Les bioressources et les extraits naturels sont une source de composés alimentaires et d’ingrédients bioactifs. En raison de leurs effets bénéfiques sur la santé, ils suscitent un vif intérêt auprès de la communauté scientifique ainsi qu’un nouvel engouement auprès de l’industrie et des consommateurs. Or, les grandes algues marines sont des végétaux qui ont connu une évolution distincte et, à ce titre, elles produisent des molécules originales qui ne se trouvent pas chez les végétaux terrestres. Les végétaux marins sont considérés comme une source majeure d’innovation par les industriels et les scientifiques des secteurs alimentaire, cosmétique et nutraceutique. Un des défis de cette industrie en émergence est d’avoir accès à des volumes d’algues suffisants et de qualité reproductible. Dans les pays de l’Atlantique Nord, la récolte dans les herbiers marins et le développement de l’algoculture s’inscrivent dans une double perspective de développement économique régional et de préservation des écosystèmes marins.
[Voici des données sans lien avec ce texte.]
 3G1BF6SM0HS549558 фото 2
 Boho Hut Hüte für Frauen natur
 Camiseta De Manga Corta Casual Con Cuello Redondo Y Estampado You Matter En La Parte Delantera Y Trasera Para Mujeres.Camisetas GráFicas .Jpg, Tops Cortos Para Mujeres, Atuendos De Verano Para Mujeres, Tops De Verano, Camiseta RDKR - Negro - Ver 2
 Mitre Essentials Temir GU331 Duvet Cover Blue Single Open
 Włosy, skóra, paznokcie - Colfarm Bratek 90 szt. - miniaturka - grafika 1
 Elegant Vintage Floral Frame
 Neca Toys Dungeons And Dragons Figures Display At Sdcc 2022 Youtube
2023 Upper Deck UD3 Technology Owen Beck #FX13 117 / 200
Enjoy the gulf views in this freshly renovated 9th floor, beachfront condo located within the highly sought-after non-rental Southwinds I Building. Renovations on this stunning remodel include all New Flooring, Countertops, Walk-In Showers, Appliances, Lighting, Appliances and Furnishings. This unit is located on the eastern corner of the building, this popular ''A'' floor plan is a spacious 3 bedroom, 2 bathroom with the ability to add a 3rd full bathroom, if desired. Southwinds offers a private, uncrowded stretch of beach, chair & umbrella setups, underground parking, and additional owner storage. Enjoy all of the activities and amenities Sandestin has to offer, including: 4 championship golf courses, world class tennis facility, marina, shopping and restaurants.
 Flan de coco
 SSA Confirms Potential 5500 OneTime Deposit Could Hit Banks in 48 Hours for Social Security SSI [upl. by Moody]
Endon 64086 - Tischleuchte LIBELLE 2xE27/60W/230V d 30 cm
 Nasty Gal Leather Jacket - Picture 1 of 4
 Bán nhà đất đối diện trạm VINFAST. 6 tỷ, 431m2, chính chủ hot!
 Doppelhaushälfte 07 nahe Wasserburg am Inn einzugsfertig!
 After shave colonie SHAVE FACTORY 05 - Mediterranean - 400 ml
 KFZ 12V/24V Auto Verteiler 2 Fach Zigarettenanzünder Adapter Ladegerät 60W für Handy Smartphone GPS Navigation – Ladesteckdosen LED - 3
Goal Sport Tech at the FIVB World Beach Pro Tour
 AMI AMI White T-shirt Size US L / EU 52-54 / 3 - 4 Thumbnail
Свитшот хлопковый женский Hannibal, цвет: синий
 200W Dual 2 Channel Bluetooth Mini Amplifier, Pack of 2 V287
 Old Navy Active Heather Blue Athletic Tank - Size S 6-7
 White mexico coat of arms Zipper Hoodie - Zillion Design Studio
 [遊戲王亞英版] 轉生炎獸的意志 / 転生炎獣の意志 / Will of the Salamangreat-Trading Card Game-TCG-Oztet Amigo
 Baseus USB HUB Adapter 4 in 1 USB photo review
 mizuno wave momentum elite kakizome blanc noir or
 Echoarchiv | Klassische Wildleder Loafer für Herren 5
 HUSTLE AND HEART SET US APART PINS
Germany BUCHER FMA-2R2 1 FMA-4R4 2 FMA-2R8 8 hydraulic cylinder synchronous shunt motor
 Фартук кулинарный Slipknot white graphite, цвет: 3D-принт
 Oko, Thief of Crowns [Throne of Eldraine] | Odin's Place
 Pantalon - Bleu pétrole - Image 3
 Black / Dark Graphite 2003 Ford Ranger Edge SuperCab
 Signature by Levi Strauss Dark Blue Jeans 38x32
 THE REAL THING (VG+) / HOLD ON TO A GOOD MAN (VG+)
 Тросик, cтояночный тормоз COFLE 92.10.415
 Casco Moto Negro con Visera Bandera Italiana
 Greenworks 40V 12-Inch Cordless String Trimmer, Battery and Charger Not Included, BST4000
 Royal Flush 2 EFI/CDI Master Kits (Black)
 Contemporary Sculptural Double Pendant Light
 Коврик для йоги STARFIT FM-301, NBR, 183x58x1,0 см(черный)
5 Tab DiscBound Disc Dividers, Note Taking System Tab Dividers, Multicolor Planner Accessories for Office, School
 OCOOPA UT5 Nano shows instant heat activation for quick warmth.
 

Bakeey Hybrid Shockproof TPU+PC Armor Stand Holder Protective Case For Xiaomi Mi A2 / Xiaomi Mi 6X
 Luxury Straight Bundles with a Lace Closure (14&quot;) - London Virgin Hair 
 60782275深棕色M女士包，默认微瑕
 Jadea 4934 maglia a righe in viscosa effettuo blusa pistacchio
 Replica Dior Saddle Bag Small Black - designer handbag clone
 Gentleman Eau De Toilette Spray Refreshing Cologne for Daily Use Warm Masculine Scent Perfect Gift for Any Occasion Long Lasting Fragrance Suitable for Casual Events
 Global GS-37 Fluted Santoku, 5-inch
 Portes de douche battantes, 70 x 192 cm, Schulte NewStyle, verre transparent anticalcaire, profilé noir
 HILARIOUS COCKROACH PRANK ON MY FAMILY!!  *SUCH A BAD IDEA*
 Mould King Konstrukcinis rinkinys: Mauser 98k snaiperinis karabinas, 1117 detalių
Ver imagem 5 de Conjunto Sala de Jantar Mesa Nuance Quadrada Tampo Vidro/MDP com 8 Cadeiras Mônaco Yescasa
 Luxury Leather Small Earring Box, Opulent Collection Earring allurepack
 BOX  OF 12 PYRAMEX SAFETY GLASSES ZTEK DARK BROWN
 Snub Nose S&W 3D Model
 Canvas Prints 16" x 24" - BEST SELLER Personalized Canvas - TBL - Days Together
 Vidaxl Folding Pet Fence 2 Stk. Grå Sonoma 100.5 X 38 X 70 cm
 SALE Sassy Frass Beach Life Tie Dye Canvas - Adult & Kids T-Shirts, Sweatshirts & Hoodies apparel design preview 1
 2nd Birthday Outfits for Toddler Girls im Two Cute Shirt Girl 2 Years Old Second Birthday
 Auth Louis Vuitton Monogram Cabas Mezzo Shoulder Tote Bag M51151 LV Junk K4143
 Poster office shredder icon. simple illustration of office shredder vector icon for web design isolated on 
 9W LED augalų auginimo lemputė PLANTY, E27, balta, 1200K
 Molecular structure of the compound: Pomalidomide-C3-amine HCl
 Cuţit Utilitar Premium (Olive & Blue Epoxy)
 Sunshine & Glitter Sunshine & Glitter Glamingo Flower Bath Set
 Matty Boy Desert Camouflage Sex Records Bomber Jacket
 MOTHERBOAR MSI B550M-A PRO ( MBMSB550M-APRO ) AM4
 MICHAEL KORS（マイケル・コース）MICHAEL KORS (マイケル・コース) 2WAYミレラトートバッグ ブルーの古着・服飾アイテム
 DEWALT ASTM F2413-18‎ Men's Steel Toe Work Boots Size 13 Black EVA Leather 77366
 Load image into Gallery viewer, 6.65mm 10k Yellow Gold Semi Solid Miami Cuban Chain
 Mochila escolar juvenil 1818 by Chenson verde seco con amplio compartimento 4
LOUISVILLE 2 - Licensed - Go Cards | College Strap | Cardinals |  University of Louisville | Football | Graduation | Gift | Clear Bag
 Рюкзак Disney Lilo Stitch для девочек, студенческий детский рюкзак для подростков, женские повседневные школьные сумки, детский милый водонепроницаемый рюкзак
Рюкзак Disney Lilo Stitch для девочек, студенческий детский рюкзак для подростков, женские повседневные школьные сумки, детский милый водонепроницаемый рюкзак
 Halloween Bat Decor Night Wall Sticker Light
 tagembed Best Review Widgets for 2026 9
Ce colloque est divisé en deux sessions. La première, intitulée Exploitation des algues marines : stratégies d’approvisionnement durable, présente notamment les nouvelles méthodes de suivi des herbiers marins, les améliorations dans les stratégies de culture et l’évaluation des services environnementaux associés aux cultures d’algues.
La deuxième, par son thème Des algues marines aux aliments santé, est axée sur la valorisation de la bioressource macroalgale comme source de composés à effets bénéfiques sur la santé, dans une perspective de valorisation zéro déchet des biomasses récoltées.